The Brighton Top Rank Suite opened in October 1965. It was rebranded in 1973 plus refurbished and called KingsWest. It was refurbished in 1990 and renamed the Event, and then refurbished and renamed Event II in 1996. In 2007 another refurbishment led to it reopening as Oceana, and later as Pryzm.

===Bristol===

The Bristol Top Rank Suite opened in August 1963 on Nelson Street. It closed in June 1974 and reopened as Baileys in October. It became Romeo and Juliet's in 1977, then Papillons, Odyssey, The Works, Syndicate, SWX and is currently Electric Bristol.

===Cardiff===
The Cardiff Top Rank Suite opened in November 1963 on Queen Street in the centre of the city. It hosted acts such as The Beatles, Led Zeppelin and U2. The Top Rank closed in 1982 but the venue continued under a series of names until the building was demolished in 2005.
They held a few Battle of the Bands, there as well.

===Croydon===
The Croydon Top Rank Suite opened in 1966. It was sold in 1974 and reopened in 1976 as Cinatra's, which was an equally popular venue for many years. The reputation of the club began to decline in the 1990s, and eventually so did its trade. Cinatra's closed in 2004 and has been vacant and boarded up ever since.

===Doncaster===
The Doncaster Top Rank Suite was on Silver Street from 1964 to 1974.
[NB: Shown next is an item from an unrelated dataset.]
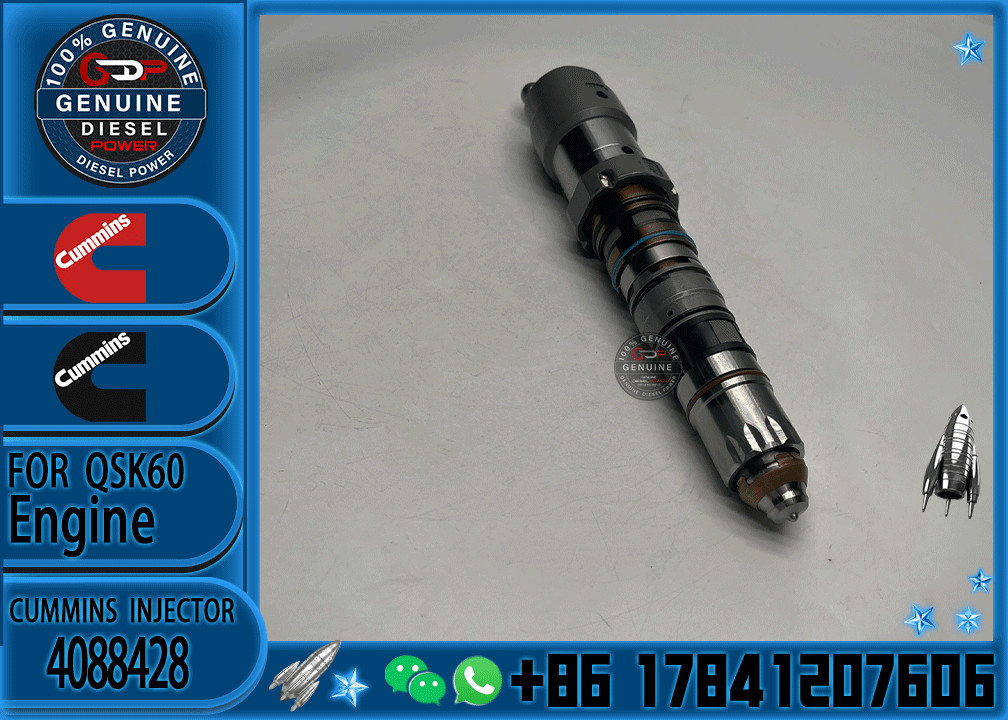 China supply Diesel Engine parts QSK60 Fuel Injector 4088428 4326781 4087894 4002145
===Hanley, Stoke-on-Trent===

Situated on the corner of Cheapside and Albion Square opposite the Hanley Town Hall the Top Rank Suite and Ballroom opened on 3 February 1965 at 12 noon with the official opening by The Lord Mayor of Stoke-on-Trent, Alderman J. E. Hulme J.P. This was then followed on 5 February 1965 with an opening "CHARITY BALL" where Evening Dress was required and was in aid of Rotary Charities. It advertised Dancing from 8:00 pm – 2:00 am. Tickets were strictly limited at a cost of 30 shillings and this price included a buffet and music provided by two bands with a Cabaret and Fully Licensed Bars. It remained a popular venue and continued until it closed in March 1974.
After its closure it became Baileys Club in the same year until it was sold to EMI in 1977. Following a brief spell as the Palace Ballroom, it was converted to a bingo club in 1978.

===Leicester===

The Leicester Top Rank Suite opened in November 1967 on Haymarket. It was not a success, and closed in August 1971. In 1972 it reopened as Baileys, became the King of Clubs in 1980, then Mr Kiesa's from 1983 to 1985.

===Liverpool===

The Liverpool Top Rank Suite was opened in December 1969 and was situated on top of a multi-storey car park that was part of the St John's Precinct development opposite Lime Street station. It closed in early 1974 and became Baileys, then Romeo & Juliet's, Rotters, and finally Studio 54, which closed in 1984. The building remained vacant until its demolition in 1995.

===Reading===
The Reading Top Rank Ballroom opened in October 1967, with the building being demolished in 2015 to make way for the Station Hill redevelopment.

===Sheffield===
The Sheffield Top Rank opened in 1968 on Arundel Gate, before becoming the Roxy Disco in 1985. The venue still exists as a destination for live music, and is now part of the O2 Academy Group.

===Southampton===
The Southampton Top Rank opened in 1965/66, was renamed The Mayfair, and closed in the late 1980s.

===Swansea===
The Swansea Top Rank was built by the Rank Organisation in 1967, and was initially a cinema. In 1972, Leslie Harvey, guitarist and co-founder of the band Stone the Crows, died after being electrocuted on the stage of the club. The club operated under several names before the building was demolished in 2016.

===Watford===
The Watford Top Rank Suite still operates as a nightclub. It was subsequently renamed Bailey's, then Paradise Lost, Kudos, Destiny, Oceana, and most recently Pryzm.

==In popular culture==
- Althea & Donna's 1977 single "Uptown Top Ranking".
- Derek and Clive's "Top Rank" sketch on Derek and Clive (Live).
- The Moody Blues track "Top Rank Suite" on their 1978 album Octave.
- In the Monty Python's Flying Circus Series 3 Episode 8, the "Bingo Crazed Chinese" mention "St. Albans Top Rank Suite" as a type of bingo.